To use waste as an example, mathematically it can be proven that there are 100 top diluted business names being used by 100 million businesses around the world. These users are convinced that they have trademark protection and keep spending small fortunes to stay amused of their brand name success. In reality the majority dont. Mathematically it can also be proven that there are at least 5 million businesses around the world that would directly benefit by the ownership of an exclusive name identity as a gTLD and enjoy a higher level of business marketing interaction.
With the right application and name behind it, a gTLD can be the fastest and most economical maneuver to acquire a distinct global identity. Global advertising and branding services perceive this as a threat.
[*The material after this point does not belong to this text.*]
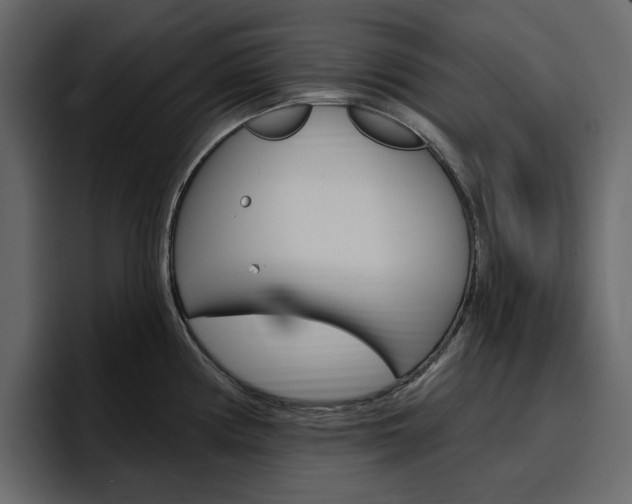 X0000097491194200802220834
Trademarks have served the society very well over the last few centuries and today they still play the most critical role in defining and protecting the rightful owners of marks. However, the procedural sluggishness fails to match the requirements of cyber speed. Somehow if the name filing complexities and country by country conflicts with legal variance could be automated to create graphical easy to decipher charts the losing battles or winning streaks would save billions in wasted endless chase.
On the other hand the domain name registration system from the inception had no regard for trademark rule of law as first come first serve basis was indirectly created to allow Intellectual Property theft in broad day light. Decades later, it created booming defensive registration industry and also the URDP uniform domain name conflict resolution policy applications; where appointed lawyers decide the future of conflicting domain names for several thousands of dollars. Currently, there are some 2-4000 such conflicting cases being processed each year. Are the two systems feeding each other, where are the better and streamlined procedures to eliminate waste caused by easy and simple access to initiate conflict?
Is global silence really that golden? Such granular nomenclature issues were never discussed in-depth at any forum of ICANN or by any other concerned organization where the centrality of agenda challenged the current trademarking and global name branding procedures and focused on the future of the global naming complexities in juxtaposition to global domain name expansion. Instead, some mythical fear mongering has been created by global branding agencies and law firms where half knowledge amongst the top global cadre was used to its greatest advantage. The granular debate for now is simply lost in the fog of war. ICANN has taken the bull by the horn. The opposition to GTLD is huge and the spectators are slowly warming up for the fight.